# The Next Elton Brand is...........



## Balla123456789 (Jul 15, 2002)

Kendrick Perkins


----------



## bender (Jul 15, 2002)

Kendrick Perkins is 6'11". He will more likely be the next Shaq than the next Elton Brand.
_The Next Elton Brand_ is IMO Leon Powe.


----------



## Ghost (Jun 21, 2002)

Either way Kendrick Perkins will be a ohat baller, Imo one of the best out of 2003 draft.


----------



## STING (May 29, 2002)

lets try to keep the one liners to a low, they kind of waste space


----------



## Alley-oop (Aug 31, 2002)

Perkins is gonna be good. Maybe better than Elton Brand. He does have more hieght than Brando. The next Brand  I dont know.


----------



## bender (Jul 15, 2002)

> Originally posted by <b>Alley-oop</b>!
> Perkins is gonna be good. Maybe better than Elton Brand. He does have more hieght than Brando. ...


Just what I said. :yes:


----------



## truebluefan (May 27, 2002)

I have a question:

How do we know who the next Elton Brand will be, when Elton has not reached his peak yet? 

We can't. Elton still has time to improve his game even more than it is now.


----------



## Balla123456789 (Jul 15, 2002)

*Can Someone Someon Give me info on Kendrick Perkins*

What is his game like. I would like a couple of photo's of him dunking. if he can. I heard he is good but has Greg Ostertag Like Athletiscm. I WOULD REALLY LIKE PIC'S of HIM DUNKING this is all i can find.


----------



## TheOrigiBulls (Jun 27, 2002)

im just asking, how do you know who the next elton brand,shaq,mj. i mean is there a next paul pierce,jason kidd, or anyone one else? is it the way they play,act or look? im really curious to know.


----------



## JOHNNY_BRAVisimO (Jun 11, 2002)

the next elton brand is zach randolf


----------



## bender (Jul 15, 2002)

> Originally posted by <b>TheOrigiBulls</b>!
> im just asking, how do you know who the next elton brand,shaq,mj. i mean is there a next paul pierce,jason kidd, or anyone one else? is it the way they play,act or look? im really curious to know.
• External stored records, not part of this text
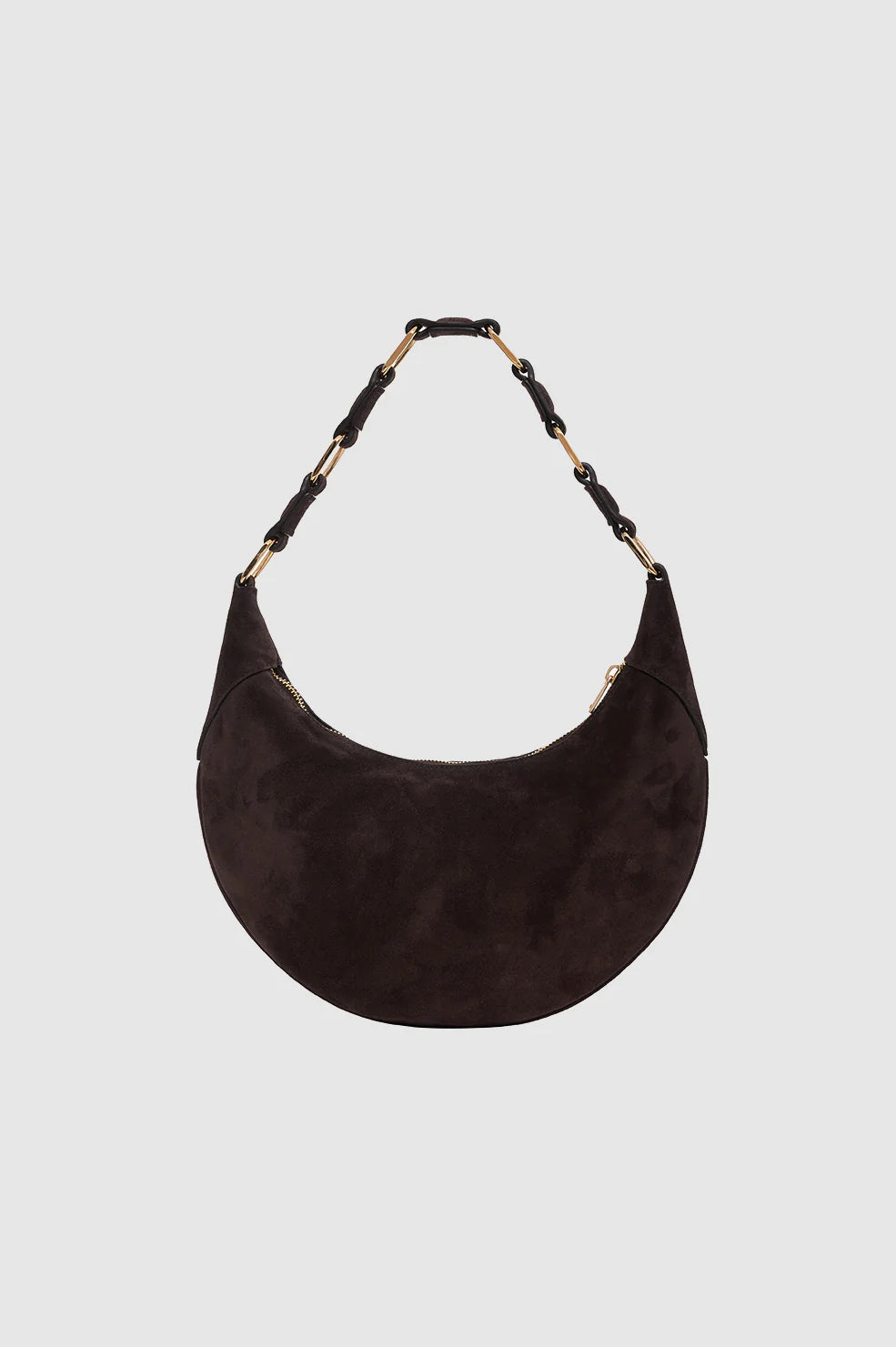 KATE HOBO BAG - Dark Brown Suede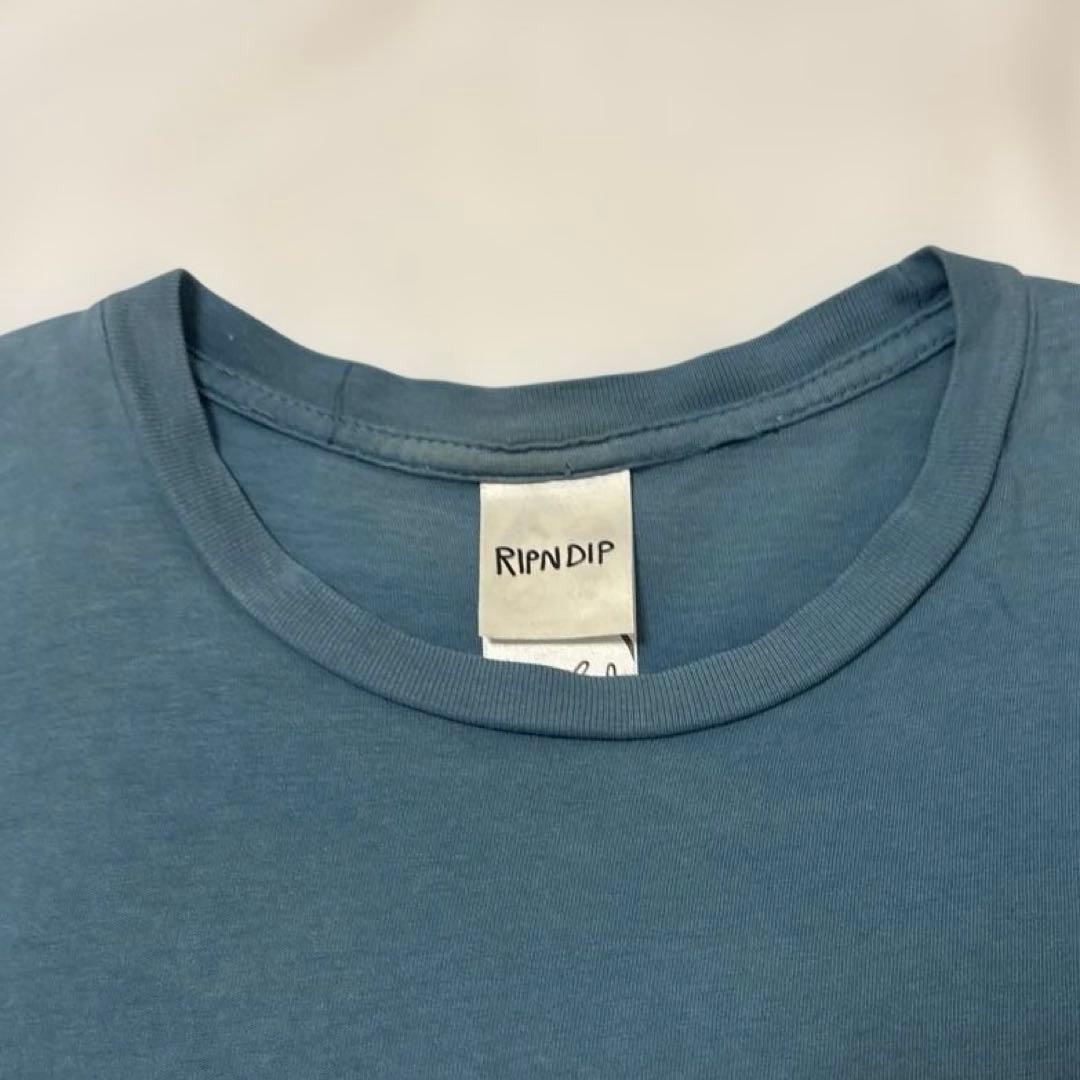 リップンディップ RIPNDIP 猫Tシャツ Sサイズ バックプリントT — image 5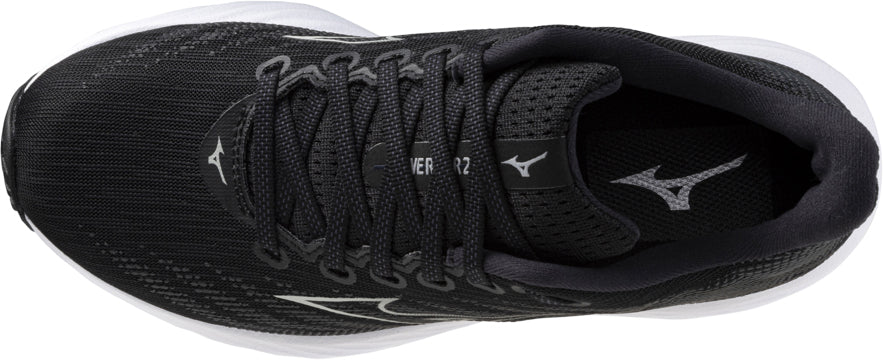 Mizuno Women's Wave Rider 28 Wide Fit (D) Running Shoes - Black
Yes, it is they way the play and they are _build_. So let's compare: 
*Elton Brand* - 6'8" PF, undersized for his position, but equalize it with strength and hard work.
*Kendrick Perkins* - 6'11" C, taller and stronger than Brand. He'd better be compared to Shaq.
*Zach Randolph* - 6'9" C/F, much more fatter than Brand. Has no true pos (undersized for C, not moveable enough for PF)
*Leon Powe* - 6'8" PF, undersized for his position, but equip with a 235 lbs. frame.

So, I think, if there's another Elton Brand it would be Leon Powe.


----------



## Mao_Ying (Jun 23, 2002)

*Some comments...*

1. Kendrick Perkins is NOT stronger than Brand (yet).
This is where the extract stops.